If the median of the data ${x_1},{x_2},{x_3},{x_4},{x_5},{x_6},{x_7},{x_8}$ is $\alpha$ and ${x_1} < {x_2} < {x_3} < {x_4} < {x_5} < {x_6} < {x_7} < {x_8}$ , then the median of ${x_3},{x_4},{x_5},{x_6}$ is
A. $\alpha $
B. $\dfrac{\alpha }{2}$
C. $\dfrac{\alpha }{3}$
D. $\dfrac{\alpha }{4}$

Answer 1

Hint: As we know, median of ungrouped data is the middle term of the sorted data given in the question. Also, the median of the ungrouped data is different for even and odd numbers of terms.
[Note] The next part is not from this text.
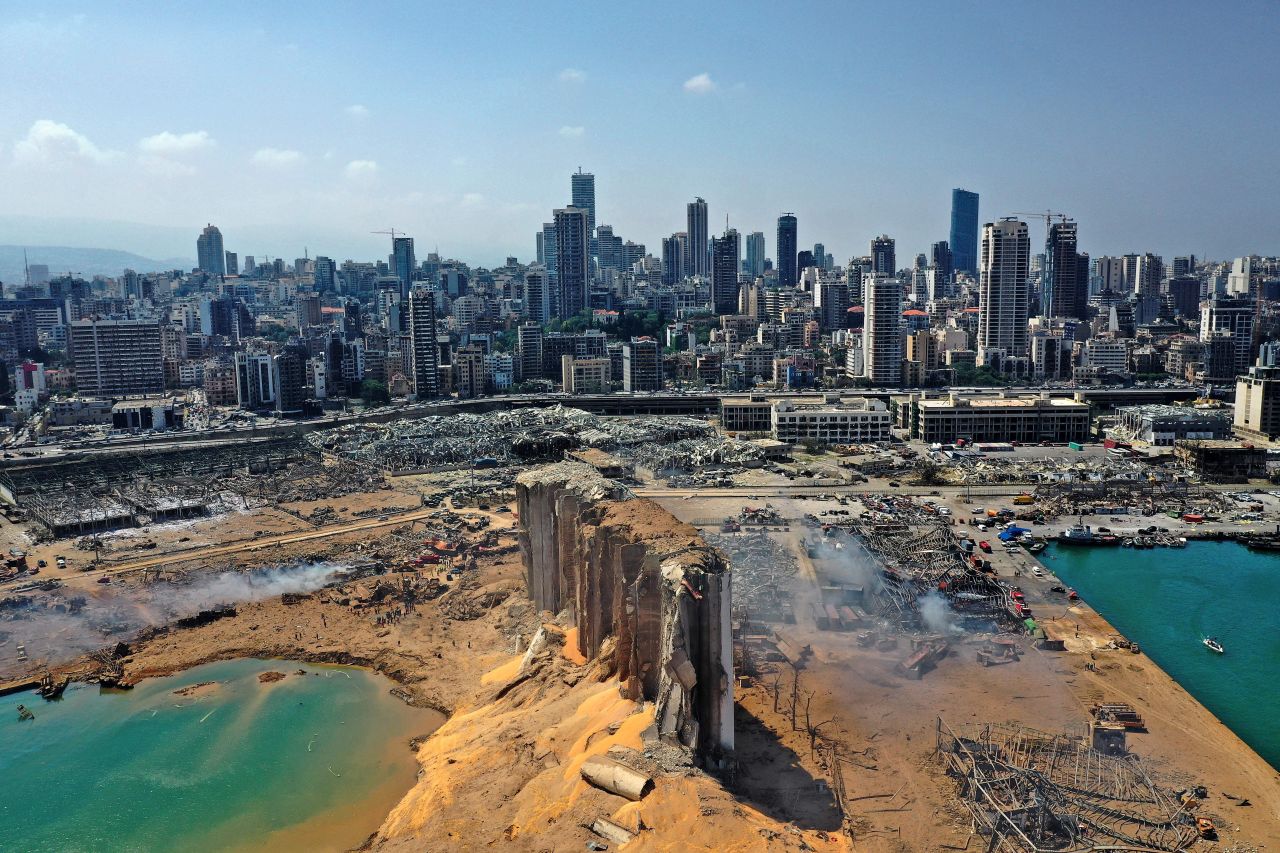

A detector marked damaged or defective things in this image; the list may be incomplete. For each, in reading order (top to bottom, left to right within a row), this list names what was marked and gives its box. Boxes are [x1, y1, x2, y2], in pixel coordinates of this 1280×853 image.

damaged building facade [516, 462, 736, 756]
damaged port infrastructure [2, 400, 1280, 852]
Firstly, we need to observe the data whether it has an even or odd number of terms then we will find the middle term of the sorted data.

Complete step-by-step answer:
The ungrouped data is given in the question.
So, we can write all the given values of $x$
The different values of $x$ are ${x_1},{x_2},{x_3},{x_4},{x_5},{x_6},{x_7},{x_8}$
In this, we are also given that ${x_1} < {x_2} < {x_3} < {x_4} < {x_5} < {x_6} < {x_7} < {x_8}$
To calculate the median of the ungrouped data, we have to observe the number of terms given.
There are 8 terms which are even.
So, median can be calculated by finding middle terms.
The middle terms of the given data are:
 $\dfrac{n}{2},\dfrac{n}{2} + 1$
Here, we have 8 numbers of terms which means $n = 8$.
So, middle terms will be 4 and 5.
4th and 5th term is ${x_4},{x_5}$
Therefore, median is $\dfrac{{{x_4} + {x_5}}}{2}$
The median is given in question to be $\alpha $
So, $\alpha = \dfrac{{{x_4} + {x_5}}}{2}$
Now, we have to find median of ${x_3},{x_4},{x_5},{x_6}$
The middle terms will be:
$
   = \dfrac{n}{2},\dfrac{n}{2} + 1 \\
   = \dfrac{4}{2},\dfrac{4}{2} + 1 \\
   = 2,3 \\
 $
2nd and 3rd terms are ${x_4},{x_5}$
So, the median is $\dfrac{{{x_4} + {x_5}}}{2}$ which is equal to $\alpha $ .
Hence, the median of ${x_3},{x_4},{x_5},{x_6}$ is $\alpha $ .
Hence, option A is correct.

Note: For an odd number of terms, the middle term can simply be calculated by observing the middle term or by adding one to the total number of terms and dividing by 2 and this term will be the median. For even number of terms, there will be two middle terms which is calculated by $\dfrac{n}{2},\dfrac{n}{2} + 1$ and then these two terms can be added and divided by 2 to get the median of data.